Alarming congressional China commission report details shifting balance of power in Asia

Special to WorldTribune.com

Bill Gertz, Washington Free Beacon

China’s decades-long buildup of strategic and conventional military forces is shifting the balance of power in Asia in Beijing’s favor and increasing the risk of a conflict, according to a forthcoming report by a congressional China commission. …

People's Liberation Army troops in northeast China's Jilin province. / AP
People’s Liberation Army troops in northeast China’s Jilin province. / AP

The report paints an alarming picture of China’s growing aggressiveness and expanding power, including development of two new stealth jets, the first deployment of a naval expeditionary amphibious group to the Indian Ocean, and aerial bombing exercises held in Kazakhstan. …
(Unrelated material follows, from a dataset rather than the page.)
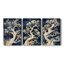 Lanscape Study Series XXXIII - Ensemble de toiles tendues avec châssis Premium - Prêt à être accroché-735172994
“China’s rapid military modernization is altering the military balance of power in the Asia Pacific in ways that could engender destabilizing security competition between other major nearby countries, such as Japan and India, and exacerbate regional hotspots such as Taiwan, the Korean Peninsula, the East China Sea, and the South China Sea,” the report concludes in a section on military developments….

The report also confirms that China twice this year tested a new, ultra-high speed strategic strike vehicle called the Wu-14. When deployed, the Wu-14 will give the Chinese military the capability of attacking any target on earth in as little as “minutes to hours,” the report says. … A super fast strike vehicle that glides to its targets of speeds of up to nearly 8,000 miles per hour could be deployed by 2020 and a similar high-speed scramjet powered hypersonic attack vehicle could be fielded before 2025, the report says. …

The Pentagon after 2010 halted releasing annual assessments of Chinese missile forces that one expert said undercuts the Obama administration’s policy of seeking a more open Chinese military by “indirectly assisting Chinese secrecy.” … The Pentagon has not released an assessment of Chinese nuclear forces since 2006 when it said China had more than 100 warheads. Current estimates by non-government analysts place the number of Chinese nuclear warheads as from 250 to as many as 3,000. …

The network of some 3,000 miles of underground nuclear facilities is also being expanded, the report states. … The newest system is the DF-41 ICBM that is expected to be deployed as early as next year with up to 10 multiple nuclear warheads. The DF-41’s range of about 7,456 miles is sufficient “to target the entire continental United States,” the report states.